The index for intermediate materials increased only 0.3 percent. The foods and feeds portion of the index fell 1.9 percent and was down 17.1 percent over the last 12 months. Other portions of the intermediate index rose 0.4 percent.

At the crude-materials level, foodstuffs and feedstuffs dropped 2.1 percent, while nonfood materials fell 0.6 percent. Even with some recent declines, crude oil prices are still up 30.9 percent in the last 12 months and natural gas prices up 23.9 percent.

Robert Ortner, chief economist for the Commerce Department, said the drop in food prices "reflects both the ample production and softening demand." Meanwhile, the recession, which has produced a buyer's market in many other goods, is doing more than anything else to force sellers to lower prices.

"I think over a short period of time it's hard to see structural changes" in the economy that might have caused a drop in inflation. "I think the slowdown we've seen in the Producer Price Index is mainly a cyclical process," he said.

The Reagan administration is counting on a continuing slowdown in inflation to help achieve a rapid rate of economic expansion once the current recession hits bottom. Its latest forecast calls for a 7.7 percent increase in prices as measured by the GNP deflator in 1982 and only a 5 1/2 percent rate the year after.

While the prediction for next year is in line with expectations of a number of private forecasters, the sharp further drop for 1983 is not.

Meanwhile, wage pressures are easing. Over the last 12 months, the Labor Department's hourly earnings index has risen 8.3 percent, and in the last three months at a 6.8 percent annual rate.

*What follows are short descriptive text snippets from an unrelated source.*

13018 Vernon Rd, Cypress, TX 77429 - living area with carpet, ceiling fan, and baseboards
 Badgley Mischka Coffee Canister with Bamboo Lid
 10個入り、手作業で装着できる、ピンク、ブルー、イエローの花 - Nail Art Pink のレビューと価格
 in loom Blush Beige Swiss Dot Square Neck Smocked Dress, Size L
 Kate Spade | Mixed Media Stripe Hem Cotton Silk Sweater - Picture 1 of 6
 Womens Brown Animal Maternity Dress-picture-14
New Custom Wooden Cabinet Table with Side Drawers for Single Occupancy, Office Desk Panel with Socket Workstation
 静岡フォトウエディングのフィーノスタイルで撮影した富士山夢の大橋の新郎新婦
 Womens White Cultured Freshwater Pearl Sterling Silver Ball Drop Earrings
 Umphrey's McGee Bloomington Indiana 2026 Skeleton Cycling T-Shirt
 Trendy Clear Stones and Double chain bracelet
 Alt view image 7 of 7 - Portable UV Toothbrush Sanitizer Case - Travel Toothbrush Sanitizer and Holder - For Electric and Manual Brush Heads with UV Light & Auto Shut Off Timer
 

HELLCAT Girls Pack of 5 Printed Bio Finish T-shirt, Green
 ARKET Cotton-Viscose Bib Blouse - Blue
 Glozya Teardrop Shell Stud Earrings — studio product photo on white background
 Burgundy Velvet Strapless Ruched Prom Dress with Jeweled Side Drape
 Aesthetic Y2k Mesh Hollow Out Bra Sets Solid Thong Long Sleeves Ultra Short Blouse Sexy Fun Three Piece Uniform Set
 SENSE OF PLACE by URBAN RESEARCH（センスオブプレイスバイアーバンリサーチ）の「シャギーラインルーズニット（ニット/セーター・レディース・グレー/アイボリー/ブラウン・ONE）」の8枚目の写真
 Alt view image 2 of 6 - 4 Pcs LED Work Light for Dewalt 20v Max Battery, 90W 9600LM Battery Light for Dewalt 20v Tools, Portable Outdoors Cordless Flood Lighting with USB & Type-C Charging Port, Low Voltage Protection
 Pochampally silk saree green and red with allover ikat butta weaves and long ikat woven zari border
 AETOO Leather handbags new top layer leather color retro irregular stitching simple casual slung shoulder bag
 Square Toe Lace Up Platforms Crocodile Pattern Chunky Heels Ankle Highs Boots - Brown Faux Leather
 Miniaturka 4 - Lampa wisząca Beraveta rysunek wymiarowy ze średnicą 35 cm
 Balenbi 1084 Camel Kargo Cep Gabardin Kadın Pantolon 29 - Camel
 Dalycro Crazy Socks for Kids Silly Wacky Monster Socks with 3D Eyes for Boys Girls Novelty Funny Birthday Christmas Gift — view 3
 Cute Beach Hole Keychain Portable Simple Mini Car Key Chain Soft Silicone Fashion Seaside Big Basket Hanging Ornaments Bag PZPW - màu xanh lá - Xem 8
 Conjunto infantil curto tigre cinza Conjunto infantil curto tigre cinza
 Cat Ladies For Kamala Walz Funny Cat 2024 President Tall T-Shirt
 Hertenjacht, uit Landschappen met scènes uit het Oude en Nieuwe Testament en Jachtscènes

Once the recession hits bottom, demand for a wide variety of industrial materials will begin to rise again, and so will their prices, which are very sensitive to market conditions. Similarly, analysts do not expect food prices to fall indefinitely.

When food prices and sensitive materials prices begin rising, continued progress on inflation will require additional declines in the rate of wage increase, economists maintain.